By the end of 2021, LIBOR – the London Inter-bank Offered Rate – the most important number in finance – will be retired, bringing a significant challenge to the financial services industry. For 30 long years, LIBOR has been the dominant benchmark rate for determining interest payments on almost all floating rate financial products. With over $350 trillion of global financial contracts linked to LIBOR, the impact will be far-reaching.
As a replacement for LIBOR, each central bank has chosen an overnight Risk-Free Rate (RFR). However, a simple rate substitution for existing contracts is not possible – RFRs are not equal to LIBOR. Risk-Free Rates are processed in a fundamentally different way compared to LIBOR. The new alternative rates are backward-looking, overnight and published with a delay. While LIBOR is fixed at the beginning of a given period, in advance, Risk-Free Rates have to be compounded each business day until a final rate is calculated at the end of the period. The retirement of LIBOR will have a significant impact on all floating rate contracts referencing this benchmark – loans, deposits, bonds, derivatives.

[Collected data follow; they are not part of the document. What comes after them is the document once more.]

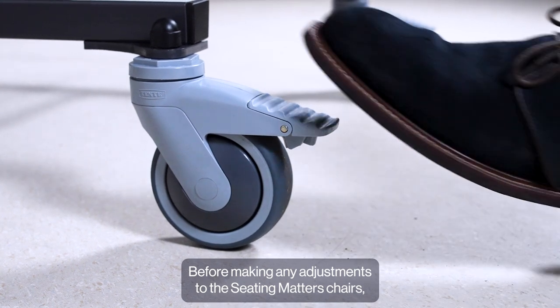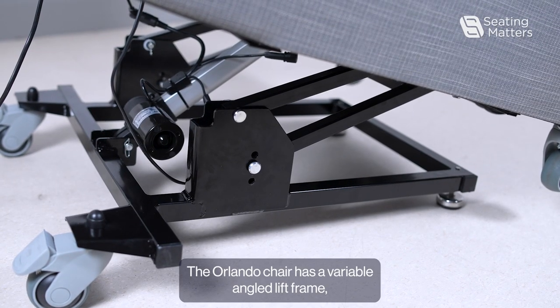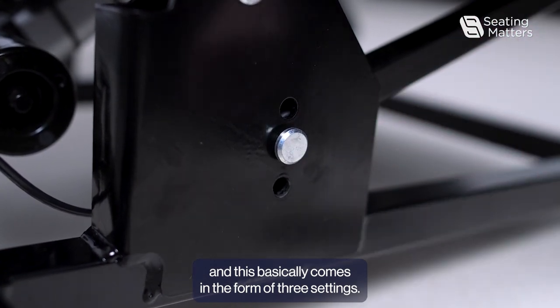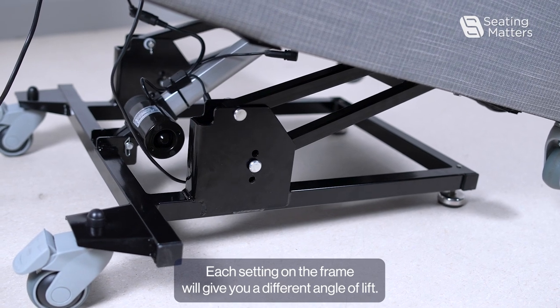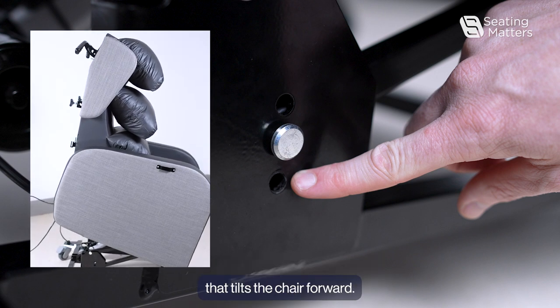Before making any adjustments to the Seating Matters chairs, lock the two brake casters at the back of the chair for safety. The Orlando chair has a variable angled lift frame, and this basically comes in the form of three settings. Each setting on the frame will give you a different angle of lift, so the bottom hole will give you more of a lift that tilts the chair forward.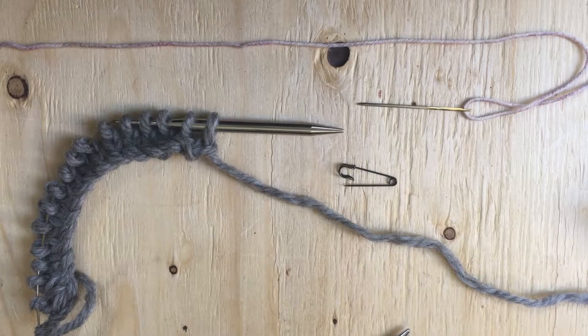Hi there and welcome to the Pippin Pin Podcast Tutorials. Today we're going to be talking about placing stitches on hold. You use this when you're working on a sweater and might have to put sleeve stitches on hold, or if you're working on mittens you might have to put some thumb stitches on hold. There are lots of different projects that use this technique and I'll show you a couple different ways how to do it.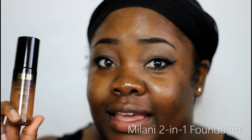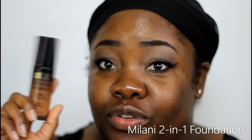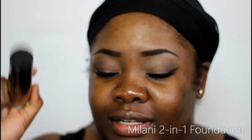Hey everybody, welcome back to the Mind Catches channel. You guys asked for it and I finally found it — it is the Milani Conceal and Perfect, the two-in-one foundation plus concealer. I got this one in Chestnut. There is one deeper shade after this one, so I'm hoping this will work for me. I didn't want to get both — they were $9.99 at Walgreens. First of all, it has a pump, so I'm so happy about that.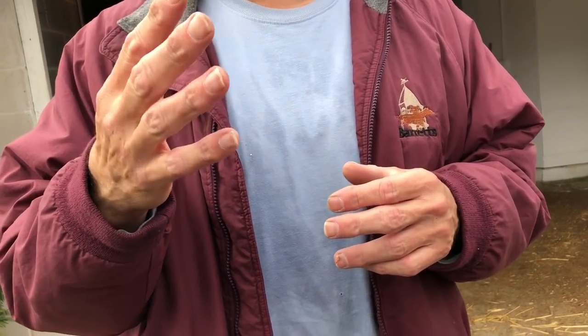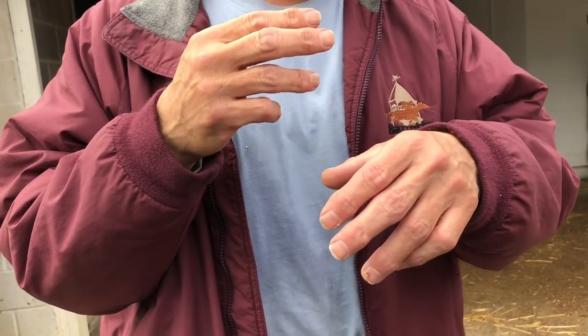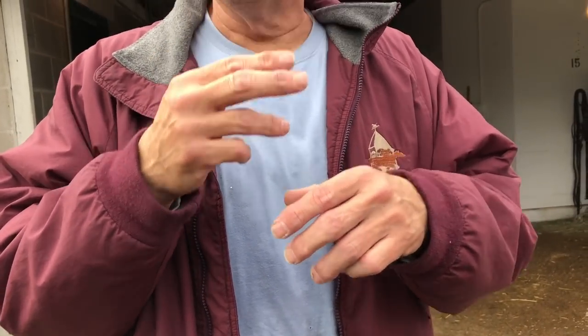A quarter crack is when the lamina in the back quarter of the hoof cracks. There's insensitive lamina on the outside and sensitive lamina on the inside — like your fingernail, if your fingernail went all the way around your finger but thicker.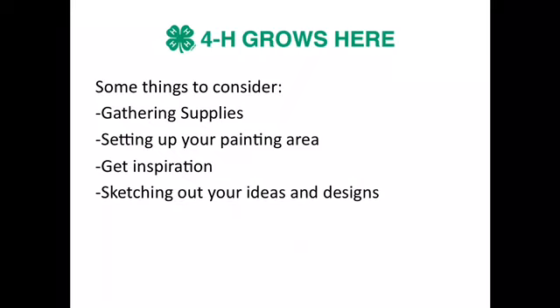Also get some inspiration. You can look at Pinterest to get ideas of different garden rocks, and you can sketch out your idea on some scratch paper.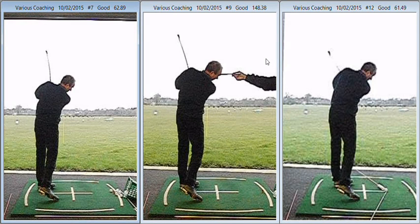Hi Stuart, great session again in the week. I just thought I'd give you this feedback via YouTube to take a look at the changes we made in this previous session.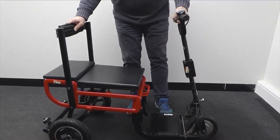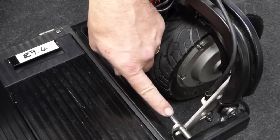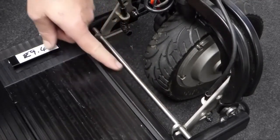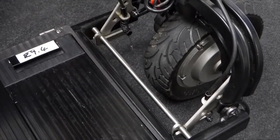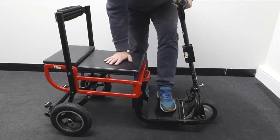Once unfolded, make sure the backrest is fully back until it stops and ensure that both of the locking catches are engaged with the locking bar. If the locking catches have not engaged, place one hand on the seat and apply pressure to the foot plate with your foot.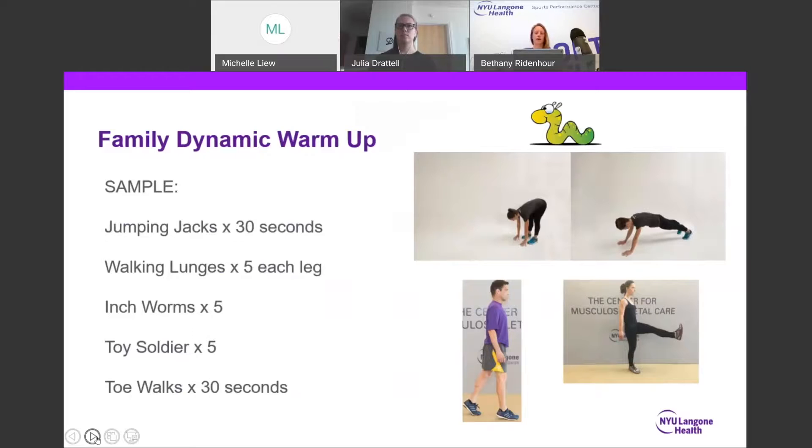Inchworms, pictured at the top, stretch out the lumbar region and hamstrings while encouraging stability through core and trunk activation. Toy soldiers are a great dynamic movement to get your kids actively stretching their hamstrings, and toe walks around the house could also allow the calf muscles to prep.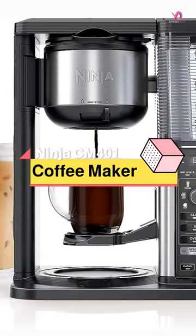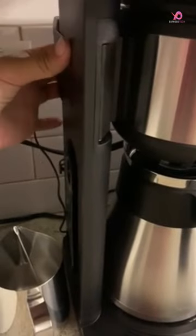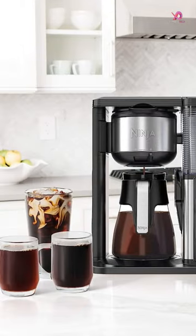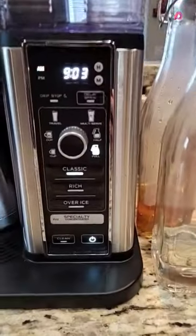The Ninja CM-401 Specialty Coffee Maker is a versatile and convenient option for coffee lovers. With four brew styles — including classic, rich, over ice, and specialty brew — you can customize your coffee experience to suit your taste preferences.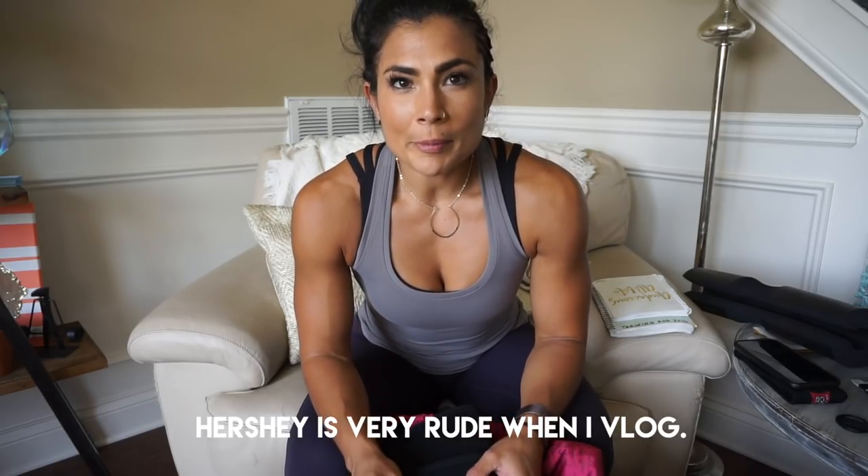That wraps up my 'What's in my gym bag' video. If you guys have any additional questions or comments about what you've seen today, please leave them in the comments below. If you found this video informative, please give me a thumbs up, please subscribe to my channel, and I will see you guys in the next one. Bye bye!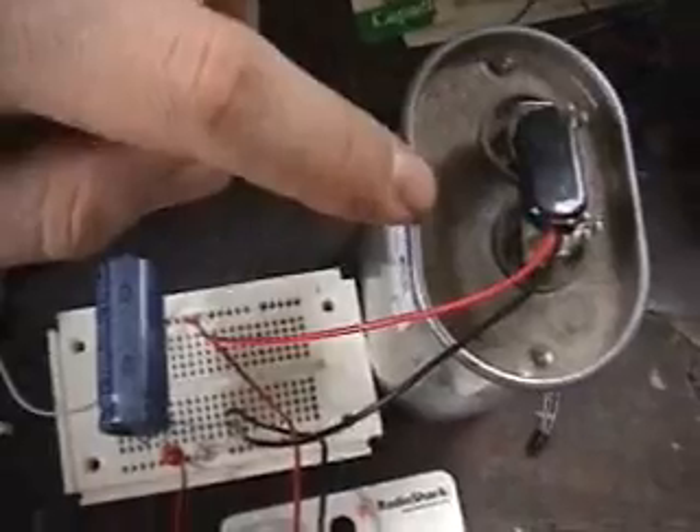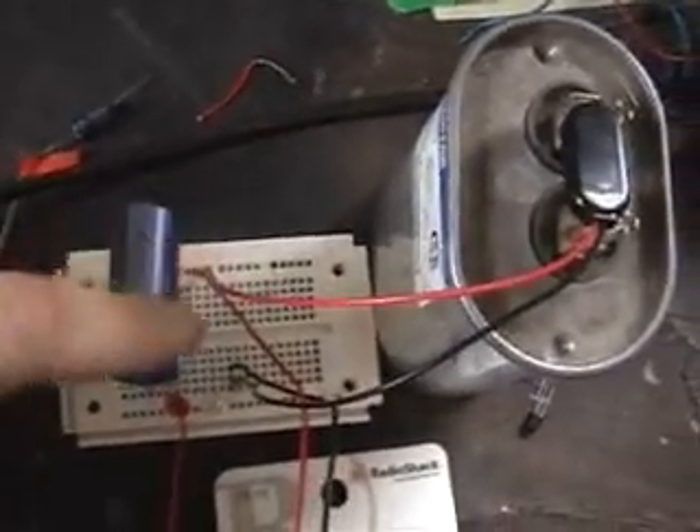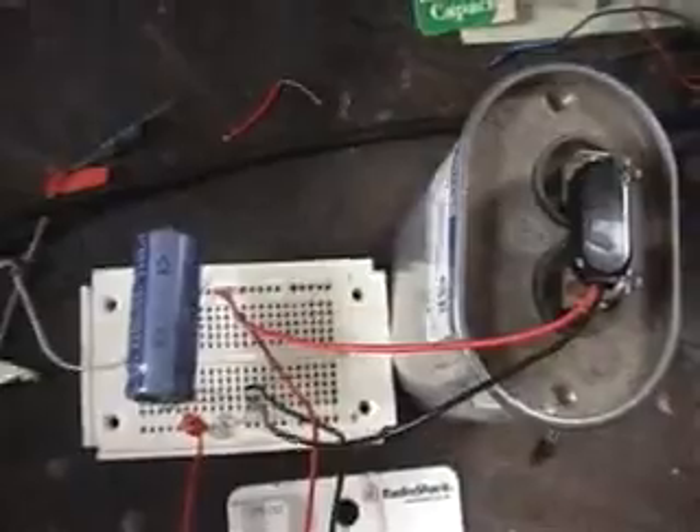I added another capacitor — this one's bigger — just to test bigger capacitance on the plates. I just used the same one here for the regular voltage, but I just want to see if maybe a bigger capacitor makes a difference. It has a difference, but it seems like all it does is absorb the voltage and doesn't have any type of current or anything to give a push.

Given the complexity of the transition away from (L)IBORs and the potential size of the disruption to the financial industry, any strategic initiative on the subject should be carefully calibrated. Banks need to work closely with each other and with any other affected entity to limit any losses in the process of moving to RFRs. The operational challenge for all financial institutions will be enormous as a fundamentally new approach will be required.
Software vendors need to provide the ability to deal with the alternative to LIBOR reference rates to achieve migration of exposure before 2021. Providing solutions for referencing backward-looking overnight rates and considerations for future term RFRs are essential in navigating through the complex puzzle created by the retirement of LIBOR.
As regulators are already requesting banks to set out their readiness for these changes and present a plan on how they will manage the transition, banks, along with their software providers, need to begin transition efforts now. All entities affected by the discontinuation need to assess their exposures to and plan for a comprehensive transition away from, LIBOR.